Le scénario, traditionnellement vu comme un outil technique du cinéma, est en réalité un concept complexe qui mérite d’être questionné dans son essence. À la fois guide pratique et acte créatif, il révèle différentes facettes selon les approches cinématographiques.
Qu’est-ce que le cinéma ?
Pour ceux qui connaissent les méthodes de travail du cinéma, la question du scénario semble évidente. Pourtant, à l’instar d’André Bazin qui, en 1958, a posé la question « Qu’est-ce que le cinéma ? », je trouve qu’il est pertinent de s’interroger sur l’essence même du scénario. Cette question, en apparence simple, est en réalité fondamentale. Elle nous invite à explorer les fondements philosophiques du scénario pour mieux comprendre son rôle et ainsi améliorer notre pratique.

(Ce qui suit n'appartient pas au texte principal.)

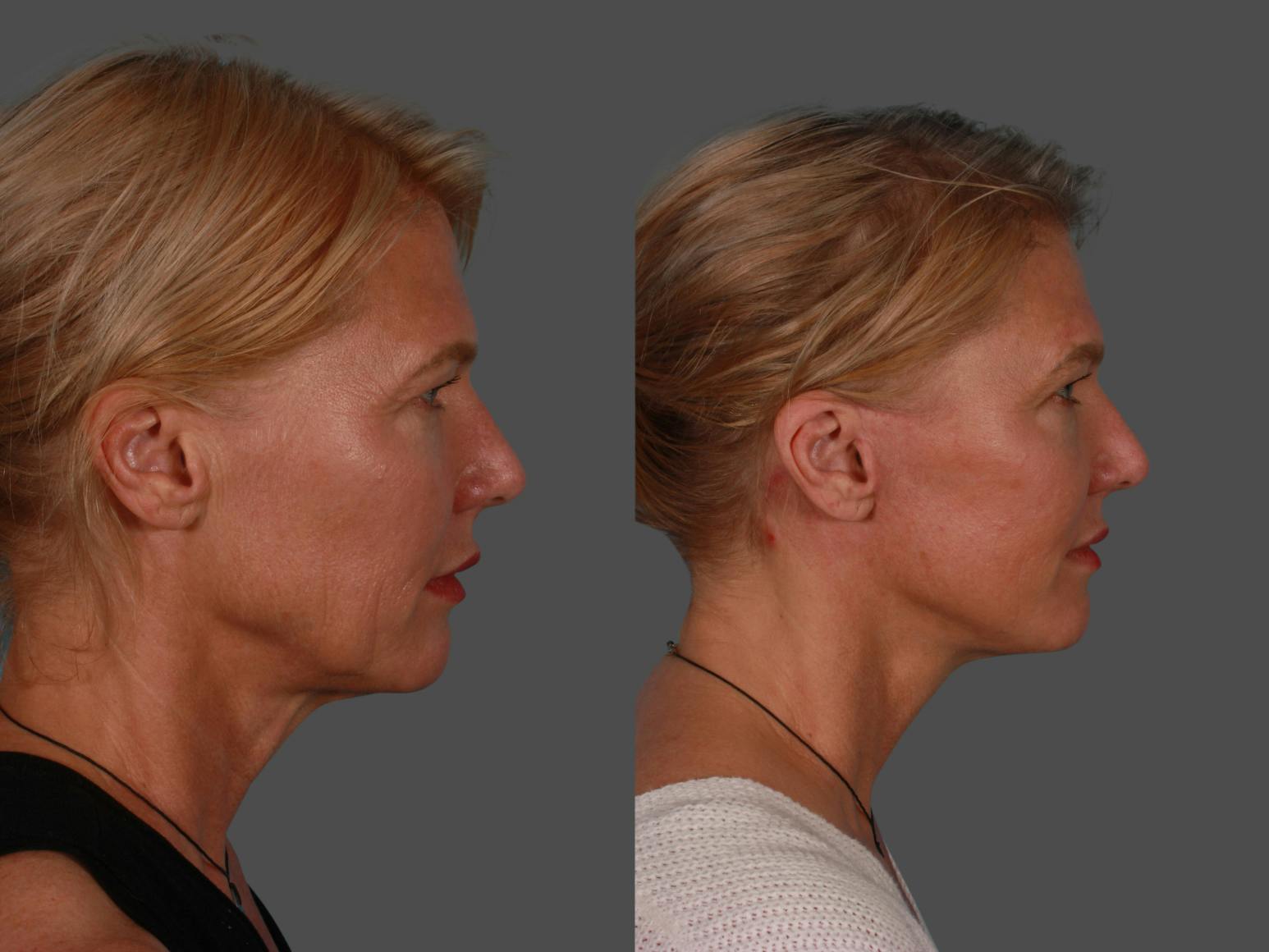 Endoscopic Brow Lift Before & After Gallery - Patient 268959 - Image 3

Le scénario est souvent perçu comme un outil technique, un squelette transitoire qui organise la fabrication d’un film. Il sert à convaincre les financeurs, à structurer le tournage et à guider les équipes. Pourtant, il est bien plus que cela. Il est aussi un acte de création, un espace où l’imaginaire prend forme.
Le scénario, un objet plus insituable qu’on le croit
Prenons l’exemple de Mulholland Drive de David Lynch (2001). Pour ce film, le scénario a été un outil d’organisation du tournage, mais il a été largement disloqué lors du montage : la monteuse a reçu les rushes sans avoir le scénario. Elle l’a donc réinventé. Le film final, mystérieux et déroutant, ne correspond plus au scénario original. Ici, le scénario n’est qu’une étape provisoire, un point de départ pour une œuvre qui s’invente au fur et à mesure.
À l’opposé, dans de nombreux films, le scénario reste un document de référence tout au long du processus, du tournage au montage. Il est à la fois technique et narratif, structuré en scènes et séquences pour faciliter l’organisation pratique. Il est écrit de manière à ce que chaque page corresponde à une minute de film, permettant aux lecteurs de ressentir le rythme du récit.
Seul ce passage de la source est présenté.